The bushfire safety policy for Victoria, recommended in Chapter 1, is designed to ensure that people can be safe during bushfires and assigns responsibility for this to both government and individuals. This chapter, which should be read in conjunction with Chapter 1, focuses on how those responsibilities are shared and calls for all parties to assume greater responsibility.


9.1     The Commission’s view

Pervading the Commission’s report is the idea that responsibility for community safety during bushfires is shared by the State, municipal councils, individuals, household members and the broader community. A fundamental aspect of the Commission’s recommendations is the notion that each of these groups must accept increased responsibility for bushfire safety in the future and that many of these responsibilities must be shared.

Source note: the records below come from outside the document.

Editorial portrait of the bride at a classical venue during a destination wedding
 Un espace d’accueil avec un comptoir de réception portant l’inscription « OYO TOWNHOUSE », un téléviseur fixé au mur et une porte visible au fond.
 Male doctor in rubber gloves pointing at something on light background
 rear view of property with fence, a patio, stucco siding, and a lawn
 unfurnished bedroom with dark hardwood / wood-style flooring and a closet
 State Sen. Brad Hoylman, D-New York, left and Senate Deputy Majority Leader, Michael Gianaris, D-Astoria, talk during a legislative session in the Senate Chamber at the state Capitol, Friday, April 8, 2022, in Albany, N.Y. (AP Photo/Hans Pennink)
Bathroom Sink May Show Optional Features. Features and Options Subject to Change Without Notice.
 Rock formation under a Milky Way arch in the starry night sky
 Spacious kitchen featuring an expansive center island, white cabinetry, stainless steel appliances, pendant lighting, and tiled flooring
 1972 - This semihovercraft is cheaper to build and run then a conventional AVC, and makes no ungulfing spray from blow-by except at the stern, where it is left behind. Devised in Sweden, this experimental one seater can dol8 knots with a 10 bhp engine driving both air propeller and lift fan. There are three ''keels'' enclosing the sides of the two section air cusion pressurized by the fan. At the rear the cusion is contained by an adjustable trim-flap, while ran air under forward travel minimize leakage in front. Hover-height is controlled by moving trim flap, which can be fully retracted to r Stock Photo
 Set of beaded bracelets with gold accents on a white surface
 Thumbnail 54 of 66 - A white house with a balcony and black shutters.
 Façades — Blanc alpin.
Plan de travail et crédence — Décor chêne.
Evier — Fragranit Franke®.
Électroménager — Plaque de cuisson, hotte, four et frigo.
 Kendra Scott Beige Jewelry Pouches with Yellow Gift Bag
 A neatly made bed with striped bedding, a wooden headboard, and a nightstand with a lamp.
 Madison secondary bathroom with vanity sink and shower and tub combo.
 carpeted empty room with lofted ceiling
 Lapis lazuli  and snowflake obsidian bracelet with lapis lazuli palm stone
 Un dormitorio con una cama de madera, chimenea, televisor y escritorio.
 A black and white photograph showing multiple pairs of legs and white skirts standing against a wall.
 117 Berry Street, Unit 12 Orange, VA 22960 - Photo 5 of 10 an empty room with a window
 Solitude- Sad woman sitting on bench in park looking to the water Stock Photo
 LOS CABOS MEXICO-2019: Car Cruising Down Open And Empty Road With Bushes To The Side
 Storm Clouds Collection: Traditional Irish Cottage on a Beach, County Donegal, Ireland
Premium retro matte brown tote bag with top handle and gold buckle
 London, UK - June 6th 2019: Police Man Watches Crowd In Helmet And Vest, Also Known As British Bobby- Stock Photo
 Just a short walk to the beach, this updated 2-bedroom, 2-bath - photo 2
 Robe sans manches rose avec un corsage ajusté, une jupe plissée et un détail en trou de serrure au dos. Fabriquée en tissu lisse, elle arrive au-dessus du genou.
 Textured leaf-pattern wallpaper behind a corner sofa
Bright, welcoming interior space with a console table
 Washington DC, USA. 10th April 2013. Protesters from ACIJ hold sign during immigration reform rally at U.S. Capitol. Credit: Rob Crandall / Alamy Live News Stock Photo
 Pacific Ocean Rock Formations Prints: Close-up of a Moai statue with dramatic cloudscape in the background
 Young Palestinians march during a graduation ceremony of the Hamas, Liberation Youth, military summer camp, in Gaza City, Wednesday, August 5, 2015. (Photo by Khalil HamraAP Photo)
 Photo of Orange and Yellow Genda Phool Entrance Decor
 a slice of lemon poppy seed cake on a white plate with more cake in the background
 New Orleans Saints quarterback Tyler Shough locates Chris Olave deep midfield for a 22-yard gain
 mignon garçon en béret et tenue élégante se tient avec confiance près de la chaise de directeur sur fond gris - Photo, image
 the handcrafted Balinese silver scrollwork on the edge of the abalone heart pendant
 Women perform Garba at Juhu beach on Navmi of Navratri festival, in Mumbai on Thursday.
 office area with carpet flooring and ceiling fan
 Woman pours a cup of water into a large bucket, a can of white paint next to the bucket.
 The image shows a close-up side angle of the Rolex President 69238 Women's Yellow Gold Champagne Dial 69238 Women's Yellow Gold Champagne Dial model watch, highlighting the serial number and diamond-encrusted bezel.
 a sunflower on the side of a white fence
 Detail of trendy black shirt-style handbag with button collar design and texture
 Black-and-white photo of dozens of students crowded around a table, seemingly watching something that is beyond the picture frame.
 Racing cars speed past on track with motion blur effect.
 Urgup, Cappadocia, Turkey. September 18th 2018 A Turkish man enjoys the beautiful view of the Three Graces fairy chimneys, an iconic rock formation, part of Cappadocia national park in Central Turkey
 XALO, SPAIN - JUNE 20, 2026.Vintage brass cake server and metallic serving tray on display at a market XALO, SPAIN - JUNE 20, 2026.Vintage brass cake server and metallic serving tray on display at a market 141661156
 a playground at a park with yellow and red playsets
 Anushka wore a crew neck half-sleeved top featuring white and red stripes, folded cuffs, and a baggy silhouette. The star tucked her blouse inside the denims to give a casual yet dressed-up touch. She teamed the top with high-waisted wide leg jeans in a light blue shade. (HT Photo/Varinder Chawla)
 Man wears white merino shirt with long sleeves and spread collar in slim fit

The term ‘shared responsibility’ can be interpreted in various ways. During the 1990s a policy change in Australian emergency management led to a move towards ‘shared responsibility’, also called a ‘community safety approach’. The state agency–centred approach to hazard management was replaced by a model that sought to make community members increasingly self-reliant.1 In keeping with the policy, contingency options such as community refuges were decommissioned.2 It was also during this period that the ‘Prepare, Stay and Defend or Leave Early’ policy was developed in Victoria—consistent with the focus on community self-reliance.3

In this report the Commission uses the expression ‘shared responsibility’ somewhat differently, with the purpose of implying increased responsibility for all concerned, albeit at different levels. In Chapter 1 the Commission proposes that state agencies and municipal councils assume augmented roles in relation to emergency management, contingency planning and education. For example, it recommends that municipal councils designate community refuges and bushfire shelters for the community. Such a recommendation envisages that, in turn, communities (and individuals and households in those communities) will assume greater responsibility for their own safety.

Shared responsibility would create a situation in which the State, municipal councils, individuals, household members and the broader community all contribute to mitigating bushfire risk. Some of these contributions would overlap. For example, all landholders need to take bushfire risk–reduction measures: being a landholder, the Department of Sustainability and Environment should conduct prescribed burns on public land, and individual property owners and tenants should maintain their properties in a manner that reduces risk from bushfires. The State needs to provide educational material that describes risks and advises the community about ways of managing them. In turn, community members need to be open to this advice.

Shared responsibility does not mean equal responsibility: in the Commission’s view there are some areas in which the State should assume greater responsibility than the community. For example, in most instances state fire authorities will be more capable than individuals when it comes to identifying the risks associated with bushfire; the State should therefore assume greater responsibility for working to minimise those risks.


9.2     State agencies and municipal councils

The Commission considers that, in general, the State and local governments need to provide better leadership and guidance. For the State (including fire agencies), this includes strengthening fire mitigation measures, providing more effective warnings and education, providing evacuation advice as required during bushfires, improving fire-suppression techniques and practices, deftly managing people during an emergency, providing assistance for vulnerable people, and offering frank advice about the defendability of property to individuals and households.

Among the responsibilities of municipal councils are developing local plans, providing community refuges and bushfire shelters (in partnership with the State), implementing vegetation and roadside management programs (in accordance with simplified legislative processes) and ensuring compliance with building and land-use planning provisions.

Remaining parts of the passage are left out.